START Task data
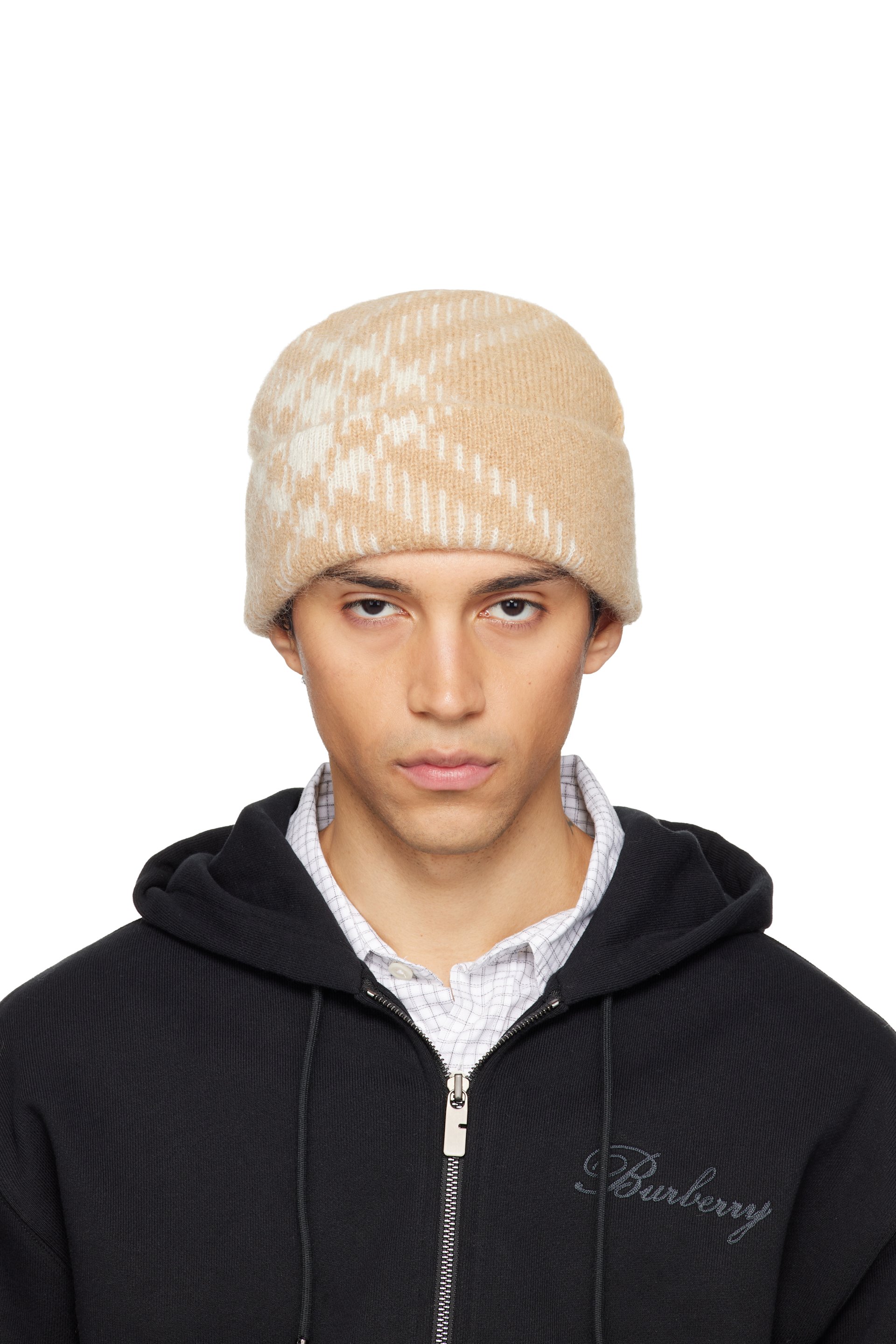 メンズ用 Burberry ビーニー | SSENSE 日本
END Task data
START Task data
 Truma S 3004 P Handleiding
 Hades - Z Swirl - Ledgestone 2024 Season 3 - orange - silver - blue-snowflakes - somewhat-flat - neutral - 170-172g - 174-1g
END Task data
START Task data
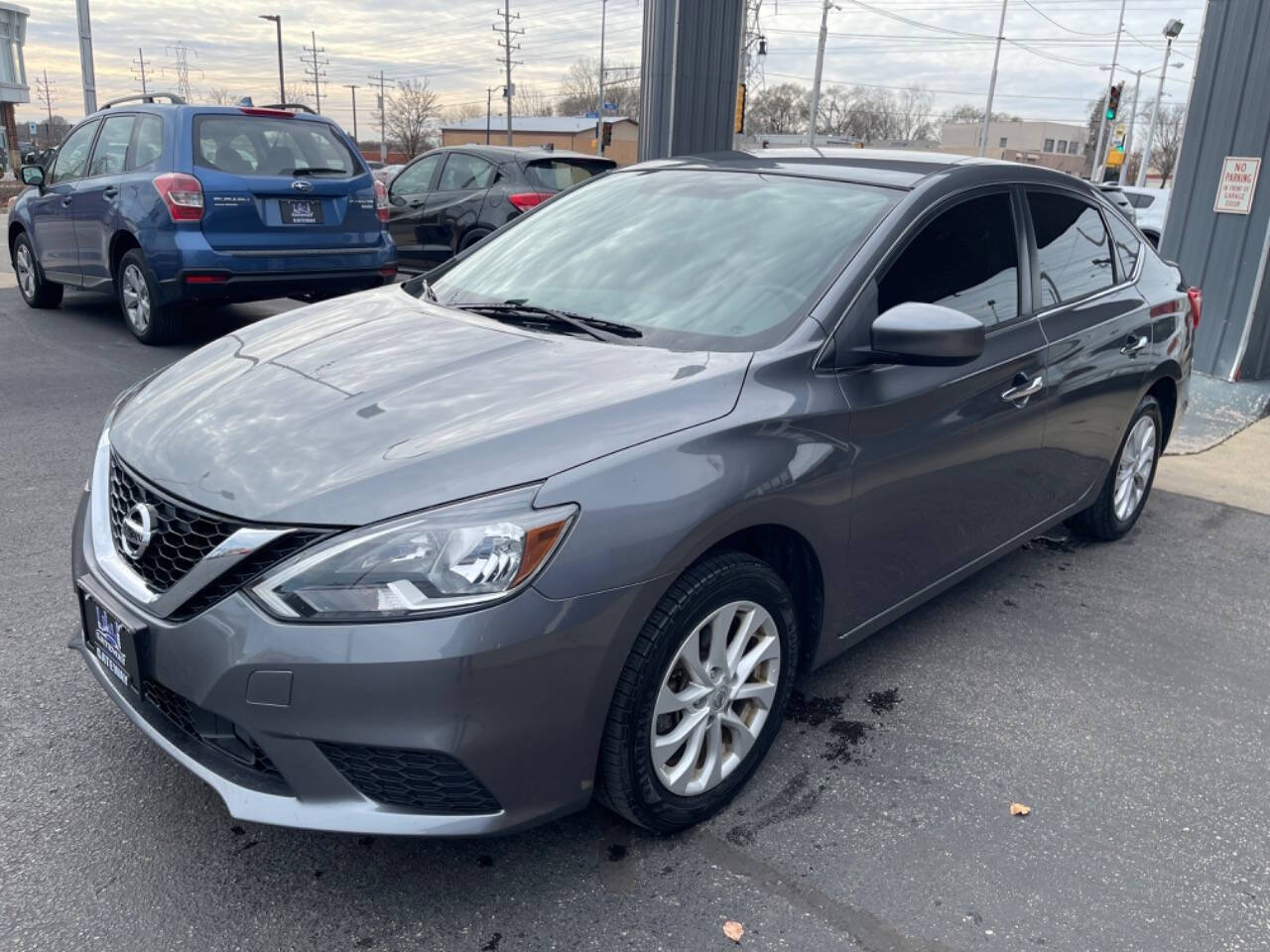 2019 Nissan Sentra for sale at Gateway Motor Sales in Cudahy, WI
END Task data
What you need to do => Taking the listing above as the source, transcribe only the lines starting at the line with "Truma S 3004 P Handleiding" and going through the line with "Hades - Z Swirl", unaltered and with both ends included.

Response box =>
 Truma S 3004 P Handleiding
 Hades - Z Swirl - Ledgestone 2024 Season 3 - orange - silver - blue-snowflakes - somewhat-flat - neutral - 170-172g - 174-1g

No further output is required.